_Instructions to follow_. Produce a word-for-word copy of the line that contains "Tai Chi: Moving at the Speed of Truth" and each line after it through the end of the material, omitting pictures and all other lines.
[Opening Data listing section]
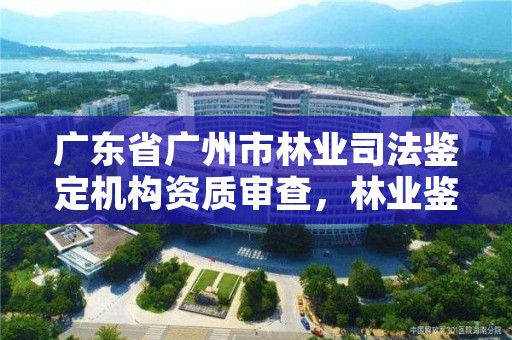 广东省广州市林业司法鉴定机构资质审查，林业鉴定中心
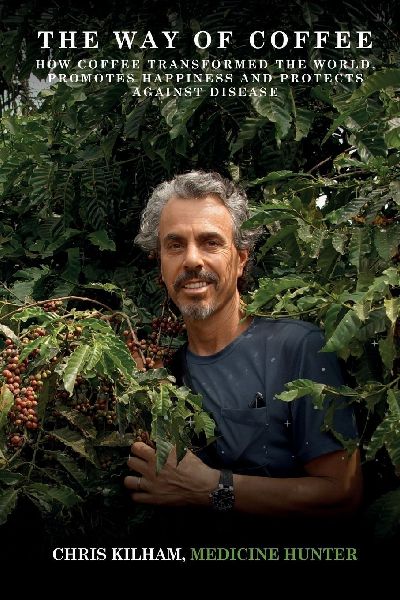 The Way Of Coffee: How Coffee Transformed The World, Promotes Happiness and Protects Against Disease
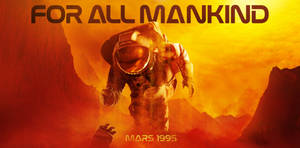 太空人在火星上行走，文字 FOR ALL MANKIND 和 MARS 1995。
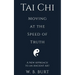 Tai Chi: Moving at the Speed of Truth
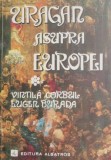 Cumpara ieftin Uragan asupra Europei - Vintila Corbul, Eugen Burada - Roman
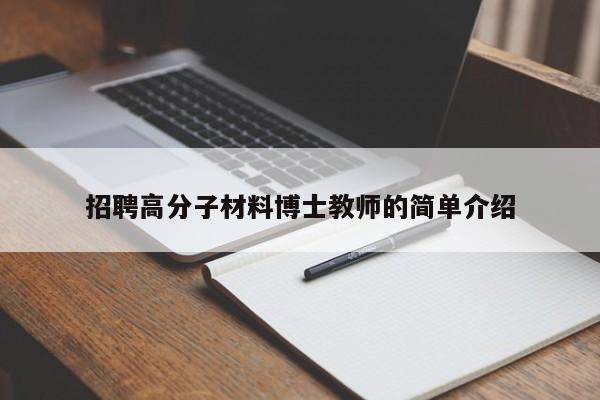 招聘高分子材料博士教师的简单介绍-第1张图片-博士人才招聘网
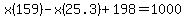 x%28159%29-x%2825.3%29%2B198=1000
[Closing Data listing section]
_Task output_.
 Tai Chi: Moving at the Speed of Truth
 Cumpara ieftin Uragan asupra Europei - Vintila Corbul, Eugen Burada - Roman
 招聘高分子材料博士教师的简单介绍-第1张图片-博士人才招聘网
 x%28159%29-x%2825.3%29%2B198=1000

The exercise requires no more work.